I'd likely take out the fussy levels that I've heard so many complain about, and do my own shelves, plus of course add some hammocks and stuff, but I don't think you'll beat that price for most anything you'd find.


----------



## Zabora (Jun 8, 2014)

For $22 that's a steal go for it! The doors are kinda small but binder clips will hold down the fleece easily.


----------



## AznDonutBoy (Jul 10, 2014)

I use it for my big rat that doesnt get along with others. It's plenty big for 1 rat.

Pros
-22 is super cheap, i got mine for 30 second hand from someone that lost interest in pocket pets and just wanted it out
-its really a solid cage if you take care of it, the bars arent chewable and the paint doesnt flake off when rats chew on it. 

Cons
-It likes to rust kinda easily
-the doors are superrrrr tinyyyyyy ughhhhh
- assembly kinda sucks at first but once its in theres really no need to take it apart
-horizontal space sucks

For 22 id definitely buy it.


----------



## ratbasket (Apr 26, 2014)

I have on for my two girls, my only complaint is the tiny doors it makes it really hard to hang the hammocks sometimes... But for 22$?! Definitly get it!


----------



## thenightgoddess (Apr 2, 2014)

Anyone have a picture on how the binder clips work to hold the fleece on Ive heard of people doing that but I haven't been able to picture how it works.


----------



## evander (Jun 30, 2013)

I currently have my 3 newest girls in one while I wait for them to get big enough to join my other girls in my DCN. 

I put mine in the shower to clean it too and find it fairly easy.

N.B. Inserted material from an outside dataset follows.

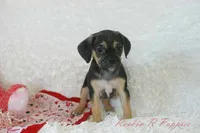 Angel Shipping Included, a female Puggle for sale in Pottersville, MO – 4 of 7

$22 is a real bargain!! I paid $40 2nd hand from CL.


----------



## thenightgoddess (Apr 2, 2014)

I just went and got it today but I haven't taken it out of the box yet. It looks like the store might just be trying to get rid of them that is why they are all so cheap because all three boxes were damaged and partly open.


----------



## Malarz (Sep 7, 2014)

I have this very cage! And it cost me $80  So for $22 it's a steal. Imo it is very big, and my two girls have plenty of room. I was concerned about their fingers getting stuck between wires, but that never happened. Yet as a precaution I removed the ladders from one level to another. Rats jump and climb, and don't really need those. Additionally it's more room without the ladders.


----------



## Jackie (Jan 31, 2013)

Great! That was a really good price! It has it's annoyances but it's one of the best starter cages I think. No plastic is a super plus so they can't chew out of the cage!


----------



## alexr (Aug 31, 2014)

Yup Petco is getting rid of them they are not going to make them anymore. You are lucky I tried to get a few but our store doesn't have them anymore and online they are $58.


----------



## ksaxton (Apr 20, 2014)

alexr said:


> Yup Petco is getting rid of them they are not going to make them anymore. You are lucky I tried to get a few but our store doesn't have them anymore and online they are $58.


Oh really? Why are they getting rid of them? I always thought they were popular


----------



## Zabora (Jun 8, 2014)

Yea i wasnt able to find why they are discontinued so if anyone knows will you update us?


----------